AMC's miniseries remake of The Prisoner isn't even on until November, but the stars of the show were talking it up last week. At the Television Critics Association January press tour, they gave a press conference about the upcoming re-imagining of Patrick McGoohan's British series.
Jim Caviezel plays Number Six in this version. Though now an American, Six is still a man who wakes up in a community called The Village, with no memory of how he got there. Number Two (Ian McKellen) is the authority figure keeping everyone there. Caviezel told the press that it was his co-star who attracted him to the show.
"All I heard was Ian McKellen," Caviezel said last week in Universal City, Calif. "I didn't hear The Prisoner. I'd never seen The Prisoner. I didn't know what it was. So the first two episodes I read were phenomenal."
After the press conference, Caviezel remained to talk with a smaller group of journalists, including SCI FI Wire.
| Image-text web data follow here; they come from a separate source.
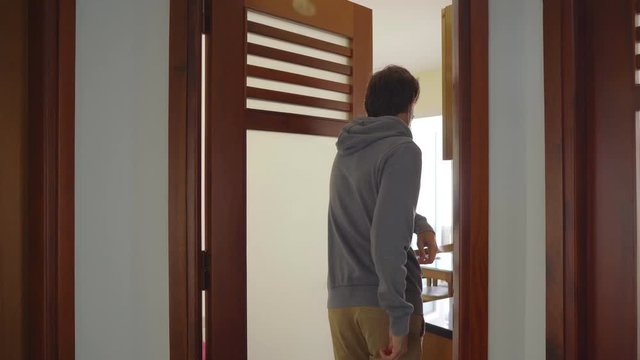 Man opens a door with his elbow. Proper actions during coronavirus pandemic. Illness prevention concept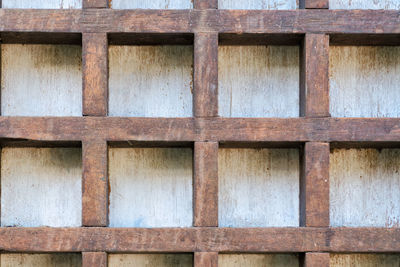 Old wooden cells on a white wall. vintage brown background.
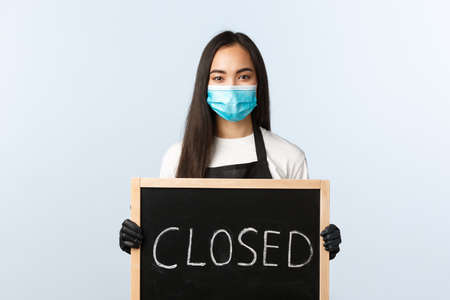 Small business, covid-19 pandemic, preventing virus and employees concept. Friendly asian female employee inform cafe visitors or store clients that we are closed, holding sign, wear medical maskの写真素材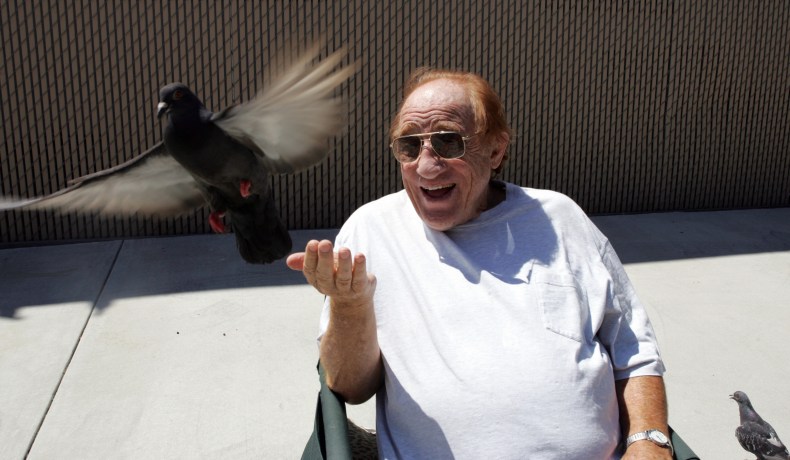 Martial Arts Legend Gene LeBell spends some time feeding his...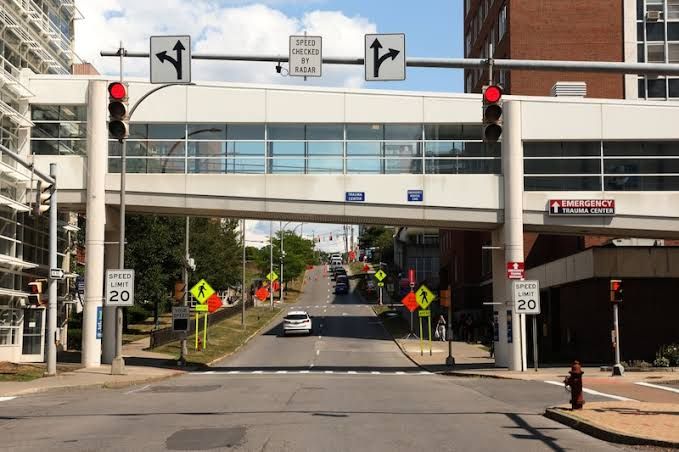 Upstate University Hospital medical staff assisting patients inside the crowded emergency department.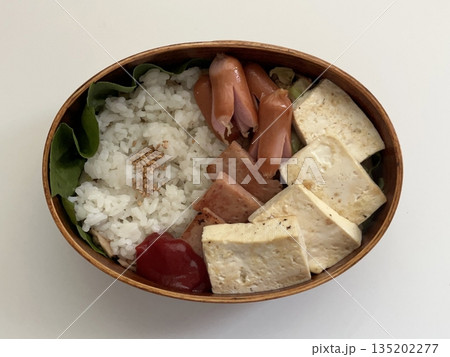 A traditional Korean dosirak, beautifully arranged with rice, assorted banchan, and savory proteins. Balanced and visually inviting, it’s a portable meal packed with vibrant flavors. A traditional Korean dosirak, beautifully arranged with rice, assorted banchan, and savory proteins. Balanced and visually inviting, it’s a portable meal packed with vibrant flavors. 135202277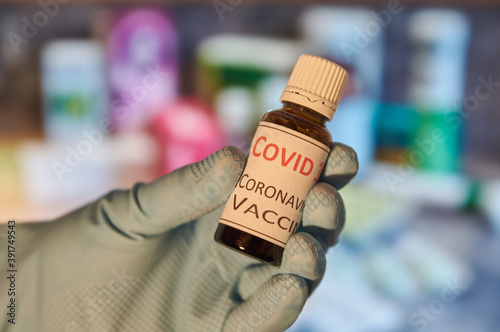Hand with blue glove holding a flask with vaccine. Coronavirus vaccine in a flask. Biontech vaccine. Pfizer vaccine. Vaccine candidate. Vial with vaccine. Moderna vaccine.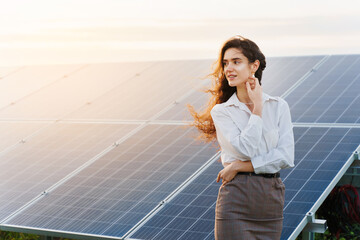 Model with solar panels stands in row on the ground at sunset. Girl dressed white formal shirt smiles on the power plant. Free electricity for home. Green energy. Solar cells power plant business.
The following Q&A features edited excerpts of that interview.
Since you said you weren't familiar with the original, what struck you about the concept of The Prisoner?
Caviezel: I read it, and I said, "I gotta do this." I didn't know about the original. I just based [my performance] on the material that I was reading. I always go where the material is, so this is a beautiful blend. I understood the story that I was reading in much the same way as The Thin Red Line, where Terry Malick wrote an allegory to what's going on in the world. I thought this was the same, in this time period, but it's universal. It transcends not just this time period, in much the same way we're still talking about the old show, which is a lot of universals. We have universal feelings. Someone asked the question about what about using an American Six. But we all love, we all hate, we all have certain emotions that transcend our countries.
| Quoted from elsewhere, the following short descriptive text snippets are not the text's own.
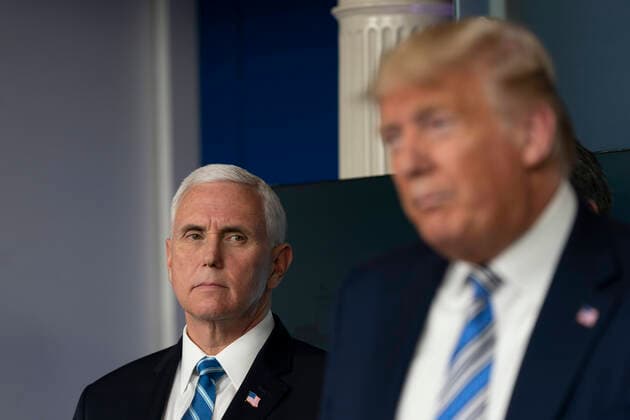 United States Vice President Mike Pence listens as US President Donald J. Trump speaks during a news briefing by members of the Coronavirus Task Force at the White House in Washington, DC on Monday, March 23, 2020. Copyright: xChrisxKleponisx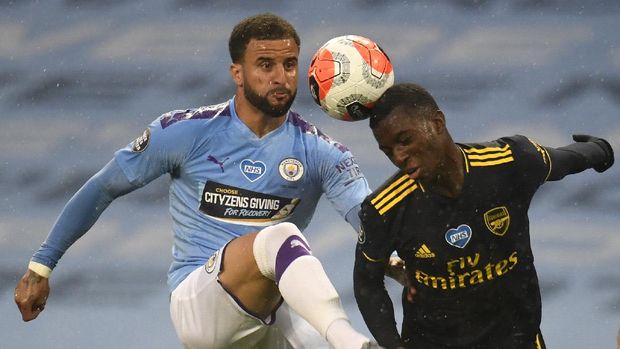 Arsenal's Eddie Nketiah, right, and Manchester City's Kyle Walker battle for the ball the English Premier League soccer match between Manchester City and Arsenal at the Etihad Stadium in Manchester, England, Wednesday, June 17, 2020. The English Premier League resumes Wednesday after its three-month suspension because of the coronavirus outbreak. (Peter Powell/Pool via AP)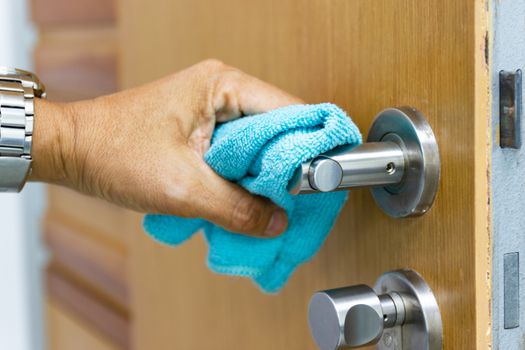 Prevention cleaning Door handles by Disinfectant solution for killing corona virus on touching surfaces, concept coronavirus COVID19
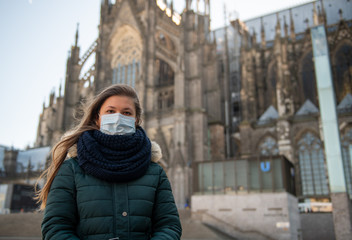 Fototapeta na wymiar German girl wearing virus mask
Did you have a chance to talk to Patrick McGoohan? Did you even know who he was?
Caviezel: Yes, I did. What happened was I asked Mel Gibson, I said, "When you were filming Braveheart, I really liked that king." He said, "Yeah, that's Patrick McGoohan." He's the one that talked about The Prisoner until I heard Ian's name. Then [I heard] Prisoner. I said [to Gibson], "Is this what you're talking about?" I even heard that [Gibson] was looking at remaking this. So that's how it all came to be. [Gibson directed Caviezel in The Passion of the Christ.]
Did you ever speak with McGoohan?
Caviezel: No, never did. I know all about that. See, I've seen pieces of it and said, "Got it, got it, got it," but I didn't want to be affected, in a way. I did [The Count of] Monte Cristo, and they were sending me all these films, and I said, "Gosh, I don't know."
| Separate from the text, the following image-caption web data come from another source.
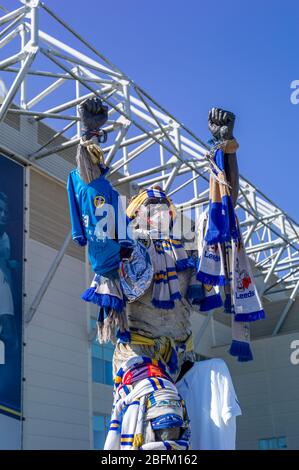 Statue de Billy Bremner avec drapeaux (et masque Covid). Memorial to Leeds United footballer Norman Hunter (29 octobre 1943 – 17 avril 2020). Footballeur anglais qui a joué pour Leeds United, Bristol City, Barnsley et l'Angleterre. Il a fait partie de l'équipe gagnante de la coupe du monde de la FIFA de 1966, qui a reçu la médaille du gagnant en 2007. Hunter, qui a fait 28 apparitions pour l'Angleterre, a été admis à l'hôpital le vendredi 10 avril 2020 avec le coronavirus et est mort à l'âge de 73 ans le vendredi 17 avril suivant. Banque D'Images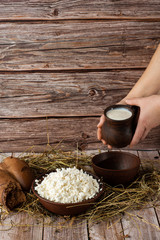Fresh cottage cheese in a wooden bowl with hand pours sour cream from jar on a wooden old background. Rich in Protein and Calcium healthy dairy product, lorw fat soft white cheese. With bread and hay.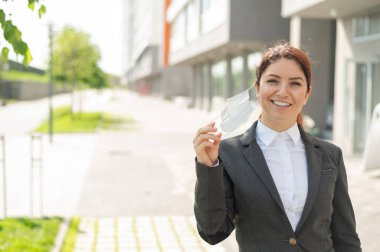 Takım elbiseli bir kadın öğle arasında sokakta yürür ve maskesini çıkarır. Karantinaya alınmış Coronavirus yenildi. Tecrit bittikten sonra işe dönüyorum..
Is Mel Gibson mad that you got The Prisoner done before him?
Caviezel: No, no, no.
What were the physical demands of this series?
Caviezel: It's all those sand—you see those sand dunes. A lot of hauling somebody around on my back and up and down those sand dunes.
What made you want to work with Ian so much?
Caviezel: Great actor. Great actor, special. There are different tiers, and he's on the highest tier. I thought of Richard Harris, working with him. I was very close with him, I was very close with Ian. What I loved about him is that look. At this level, you hope you have great actors, but they're not exactly great people. When you find out he's a great man, it makes it special. So it made it very comfortable for me. He's a teacher. I call him maestro. I can walk up to him and say, "Tell me about this scene."
Do we ultimately find out who Six was in this version?
Caviezel: Am I supposed to [tell]? I'd say yes. In this one you really get to know the characters. In this one, you care about them. There's a relationship with Two; he has relationships with them, too, and they have all of that, so they're all part of the big—his big plan, I guess.